RFR(s): 8077276: allocating heap with UseLargePages and HugeTLBFS may trash existing memory mappings (linux)
Thomas Stüfe
thomas.stuefe at gmail.com
Thu Apr 23 12:55:44 UTC 2015
Hi Stefan,
lets talk a bit more to get an understanding before I change the webrev
again:
On Thu, Apr 23, 2015 at 10:48 AM, Stefan Karlsson <
stefan.karlsson at oracle.com> wrote:
>
>
> On 2015-04-22 17:20, Thomas Stüfe wrote:
>
> Hi Stefan,
>
> new webrev:
> http://cr.openjdk.java.net/~stuefe/webrevs/8077276/webrev.02/webrev/
>
> See my answers inline.
>
> On Wed, Apr 22, 2015 at 2:20 PM, Stefan Karlsson <
> stefan.karlsson at oracle.com> wrote:
>
>> Hi Thomas,
>>
>> On 2015-04-21 18:31, Thomas Stüfe wrote:
>>
>> Hi Stefan,
>>
>> thanks for reviewing!
>>
>> Here is the new webrev:
>> http://cr.openjdk.java.net/~stuefe/webrevs/8077276/webrev.01/webrev/
>>
>> I worked in all your remarks except one: the test unfortunately cannot
>> just assert if allocation fails, because that may happen sometimes,
>> especially with small allocation sizes (os::Linux::reserve_memory_special_huge_tlbfs_mixed()

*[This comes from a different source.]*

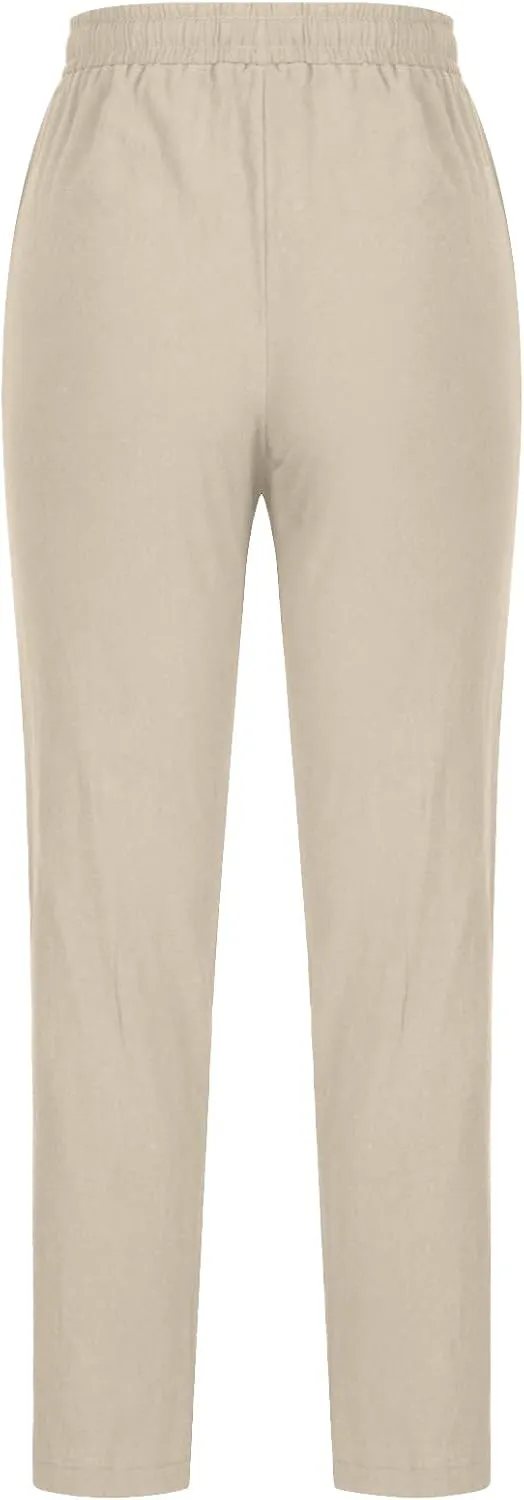 Women's 2024 Linen Pants Straight Leg Summer Casual Pants Drawstring High Waisted Cotton Loose Trousers with Pockets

>> will refuse to allocate if the area cannot accomodate one large page).
>> The test also did not assert prior to my change, so I did not want to
>> change that behaviour.
>>
>> I changed some more things:
>>
>> 1) Before my change, os::Linux::reserve_memory_special_huge_tlbfs_mixed()
>> would call os::reserve_memory() or os::reserve_memory_aligned(), depending
>> on whether req_addr was NULL or not. That was a bit unclean (a lower-level
>> API calling a high-level API) and led to the weird workaround at
>> os_linux.cpp:3497, where the NMT Memory tracker had to deregister a
>> allocation which it expected to be registered again later at an upper
>> level. Yikes.
>>
>> Because I changed the first case to use low-level mmap, I also changed
>> the second - replaced os::reserve_memory_aligned with low level coding.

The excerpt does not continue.